The novice prelims were much more drastic.  8 of the 23 teams went to the semifinals.  Ground Zero Silver finished in the top seat with Team Dread and Tippmann Effect close behind them.  Similarly only 8 of the 28 rookie finalists advanced to the semifinals.  Total Control and Templars, IL tied with 666 points.  After an analysis of their preliminary games it was found that they had not played head to head, but since Total Control had lost fewer players during their eight games they would be ranked first with Templars, IL ranked in second, and Demon Extreme ranked third with 611 points.

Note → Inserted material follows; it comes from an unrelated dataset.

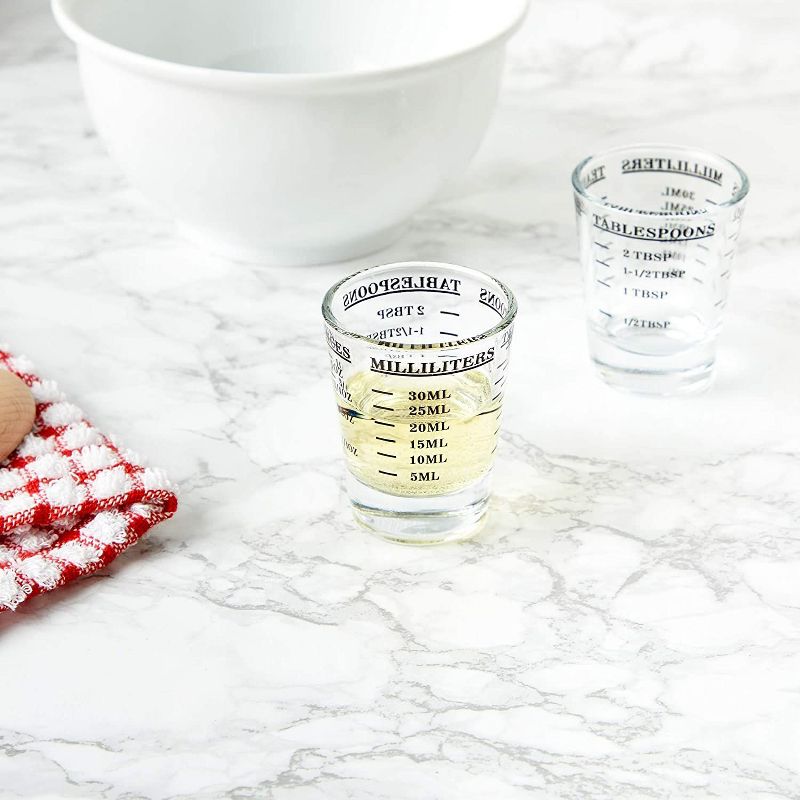 Okuna Outpost 6 Pack Clear Measuring Cup Wine Glass Espresso Shot Glasses, 1 oz / 30 ml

During the semi finals more and more teams fell to the dreaded stalemate, where at the most teams eliminated a number of each other and may have managed a flag pull but didn't finish the game with the hang.  This meant teams who generally have the ability to close a game shot themselves in the foot so to speak by not garnering the total points available.  In the Amateur bracket Boston Paintball and ECX Factory Team nearly stalemated, but with a technicality of an ECX player checking in live after he had been hit they were penalized - Boston received the pull and hang.  The two teams were tied in points at the end of the semis.  Their head to head game became the tie breaker moving Boston Paintball on to the finals.  Coming into finals with Boston were Shocktech Dumber, Shocktech Dumb and Warped Army in the top slot.

"For Chicago this is great.  It's clean and there is enough parking and it ran on time.  The new air system helps.  Team's can't sit around and blame being late on the air, plus we won and that helps."
-Dave Heckett, Da Boyz

Semi-final Novice bracket saw not one team winning all three of their games.  Like the amateur bracket stalemates were common.  Phalanx saw themselves on top with Aces Wild, Tippmann Effect and Absolute joining them for finals.

Rookie division actually saw one of their eight teams posting all wins.  Demon Extreme had two maxes and a win with a 96 total in the top of the bracket.  Total Control had one stalemate, Templars II one loss and Da Boyz with a stalemate and a loss hitting the finals.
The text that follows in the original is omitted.